-- Opening Marker --

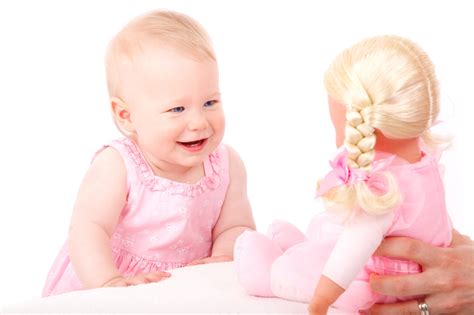 Baby Girl And Doll Free Stock Photo Public Domain Pictures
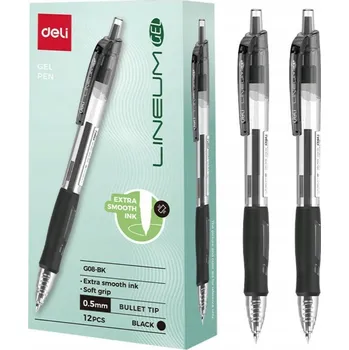 Gelová propiska automatický s klipem černý 0,5 mm ARRIX DELI 1 ks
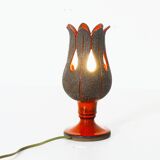 Handmade red ceramic table lamp, Sweden, 1970s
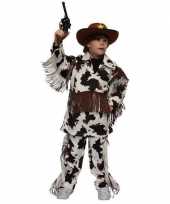 Carnaval cowboy pak met koeienprint voor kinderen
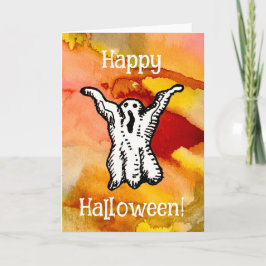 Happy Halloween Cartoon Ghost Doodle Greeting Card Karte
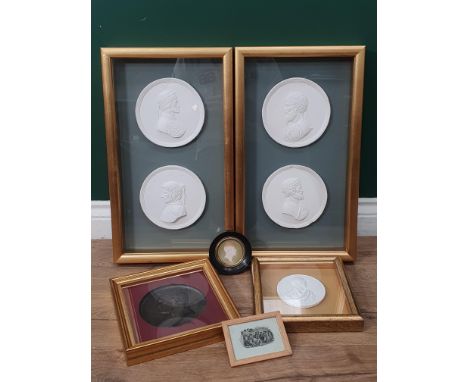 A framed metal relief Plaque of 'Emperor Napoleon I', a framed plaster Portrait of 'Sir Walter Scott', a set of four plaster 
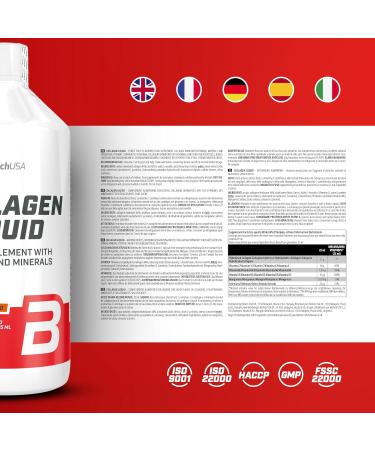 BioTechUSA Collagen Liquid | Hydrolyzed Collagen | With Vitamins and Minerals Essential for Connective Tissue 1000 ml Forest Fruits - Buy Online on GoSupps.com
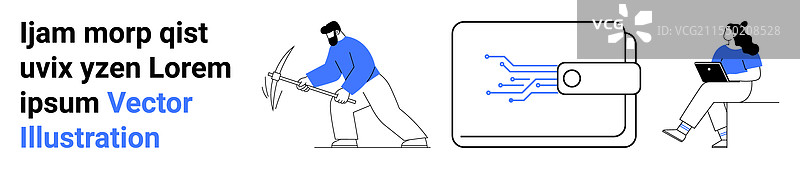 数字钱包和加密货币挖矿图片素材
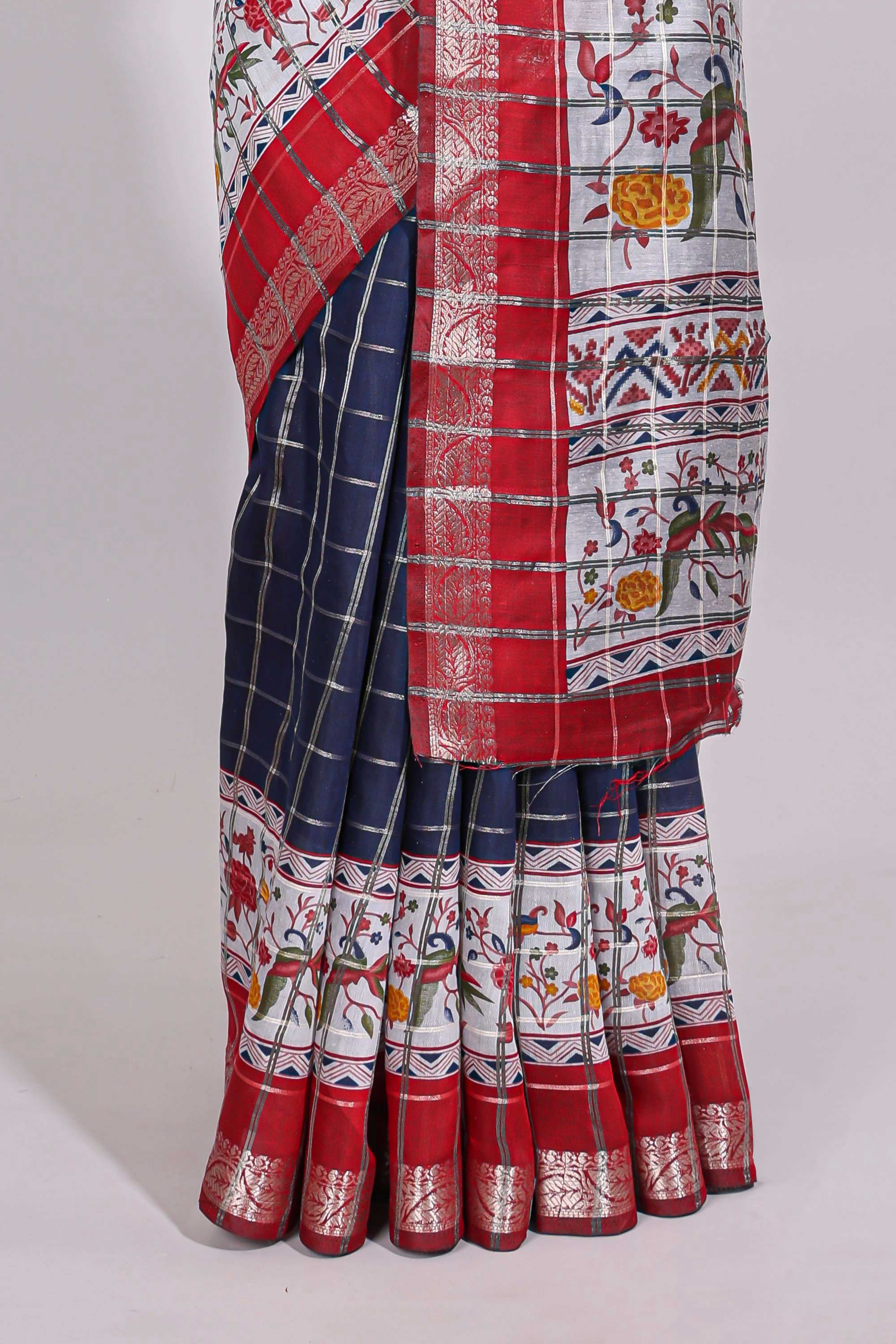 Blue checked bottom floral design chanderi cotton saree with contrast border and checked blouse
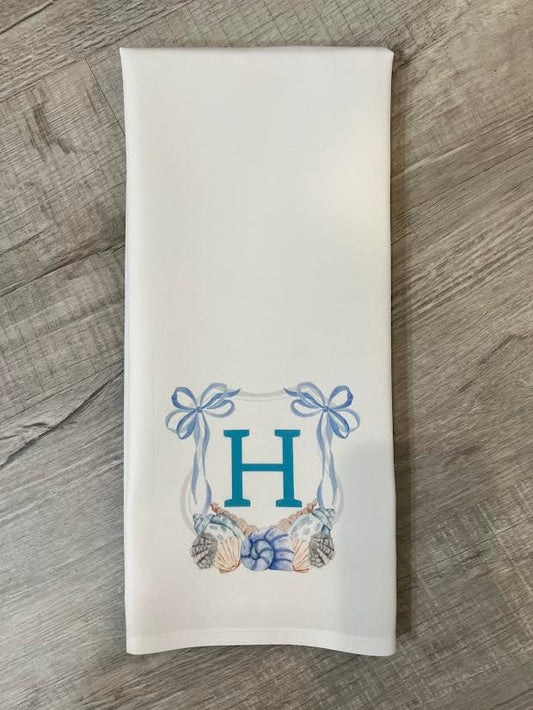 Sea Shells w/initials Hand Towel
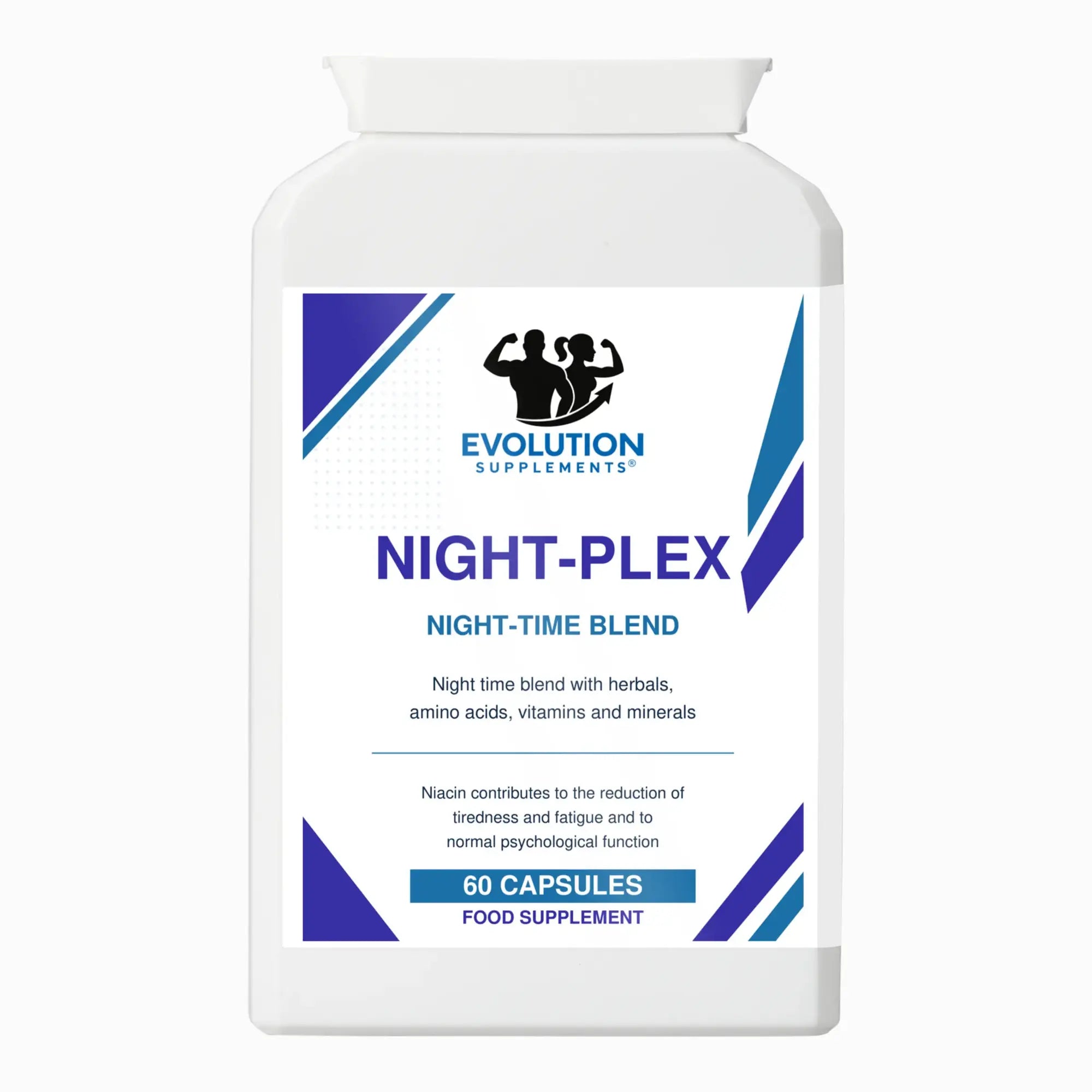 Evolution Supplements Night-Plex Night-Time Blend 60 capsules front of bottle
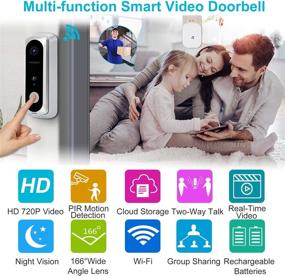 img 3 attached to 🔔 WONGKUO Wireless Video Doorbell Camera: HD 166° Security Smart WiFi Doorbells with Indoor Chime, 2 Rechargeable Batteries, Motion Detection, Real-Time Video, Two-Way Talk, Night Vision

-- Closing Marker --

◆ Task objective:
In the listing above, find the line with "A framed metal" and the line with "Sea Shells w/initials Hand Towel". Output both, plus every line between them, and no pictures.

◆ Response area:
 A framed metal relief Plaque of 'Emperor Napoleon I', a framed plaster Portrait of 'Sir Walter Scott', a set of four plaster 
 BioTechUSA Collagen Liquid | Hydrolyzed Collagen | With Vitamins and Minerals Essential for Connective Tissue 1000 ml Forest Fruits - Buy Online on GoSupps.com
 数字钱包和加密货币挖矿图片素材
 Blue checked bottom floral design chanderi cotton saree with contrast border and checked blouse
 Sea Shells w/initials Hand Towel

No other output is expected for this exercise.